The same resources and options for individuals who experience sexual misconduct are available for discrimination, harassment, and retaliation. UVA prohibits discrimination and harassment based on age, color, disability, family medical or genetic information, gender identity or expression, marital status, military status, national or ethnic origin, political affiliation, pregnancy (including childbirth and related conditions), race, religion, sex, sexual orientation, or veteran status. UVA policy also prohibits retaliation for reporting such behavior.
If you witness or are aware of someone who has experienced prohibited conduct, you are encouraged to submit a report to Just Report It (justreportit.virginia.edu) or contact EOCR (uvaeocr@virginia.edu), the office of Equal Opportunity and Civil Rights.
If you would prefer to disclose such conduct to a confidential resource where what you share is not reported to the University, you can turn to Counseling & Psychological Services (“CAPS”) and Women’s Center Counseling Staff and Confidential Advocates (for students of all genders).
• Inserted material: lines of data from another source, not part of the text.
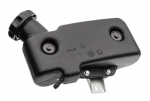 Zbiornik Paliwa Kohler Xt675 Część Oryginalna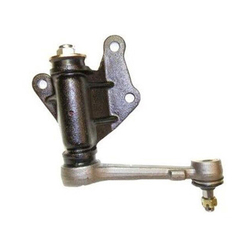 Idler Arm Suitable For Toyota Hilux IFS 1986-91 (Each) - SX1215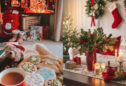 Christmas Decor: Essential Tips for a Festive Home Makeover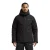Hooded jacket Didriksons Marvin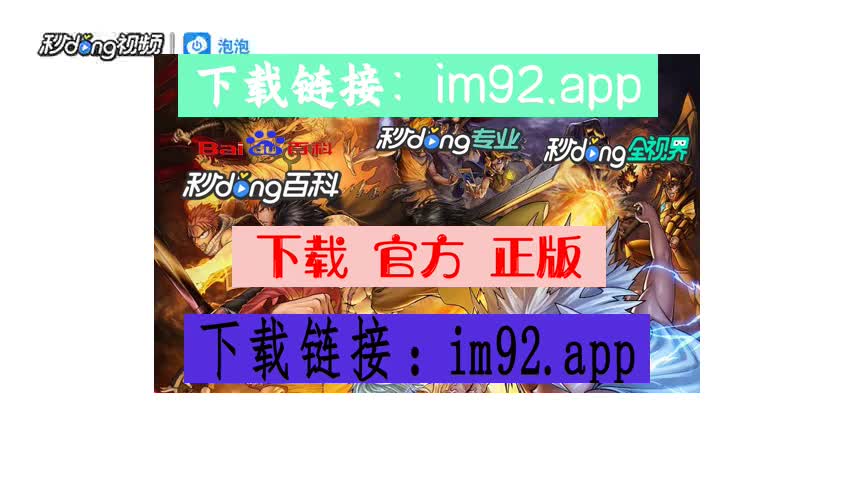 imtoken钱包挖矿骗局_chia钱包挖矿_钱包挖矿是什么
As your professor and as a person, know that I care about you and your well-being and stand ready to provide support and resources as I can. As a faculty member, I am a responsible employee, which means that I am required by University policy and by federal law to report certain kinds of conduct that you report to me to the University’s Title IX Coordinator. The Title IX Coordinator’s job is to ensure that the reporting student receives the resources and support that they need, while also determining whether further action is necessary to ensure survivor safety and the safety of the University community.
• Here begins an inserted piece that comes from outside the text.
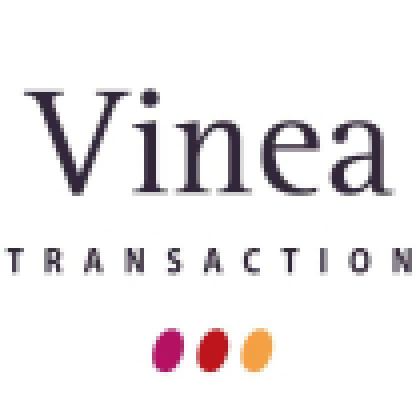 logo-demo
Support for Your Career Development
Engaging in your career development is an important part of your student experience. For example, presenting at a research conference, attending an interview for a job or internship, or participating in an extern/shadowing experience are not only necessary steps on your path but are also invaluable lessons in and of themselves. I wish to encourage and support you in activities related to your career development. To that end, please notify me by email as far in advance as possible to arrange for appropriate accommodations.
Student support team
You have many resources available to you when you experience academic or personal stresses. In addition to your professor, the School of Engineering and Applied Science has staff members located in Thornton Hall who you can contact to help manage academic or personal challenges. Please do not wait until the end of the semester to ask for help!
Learning
- Lisa Lampe (ll4uu@virginia.edu), Assistant Dean for Undergraduate Affairs
- Georgina Nembhard (gnembhard@virginia.edu), Director of Student Success
- Courtney MacMasters (cmacmasters@virginia.edu), Accessibility Specialist
Free tutoring is available for most classes.
Health and Wellbeing
- Kelly Garrett (mwu5gs@virginia.edu), Assistant Dean of Students, Student Safety and Support
- Elizabeth Ramirez-Weaver (er2tn@virginia.edu), CAPS counselor*
- Katie Fowler (rfk2xj@virginia.edu), CAPS counselor*
*You may schedule time with the CAPS counselors through Student Health. When scheduling, be sure to specify that you are an Engineering student. You are also urged to use TimelyCare for either scheduled or on-demand 24/7 mental health care.
Community and Identity
The Center for Diversity in Engineering (CDE) is a student space dedicated to advocating for underrepresented groups in STEM. It exists to connect students with the academic, financial, health, and community resources they need to thrive both at UVA and in the world. The CDE includes an open study area, event space, and staff members on site. Through this space, we affirm and empower equitable participation toward intercultural fluency and provide the resources necessary for students to be successful during their academic journey and future careers.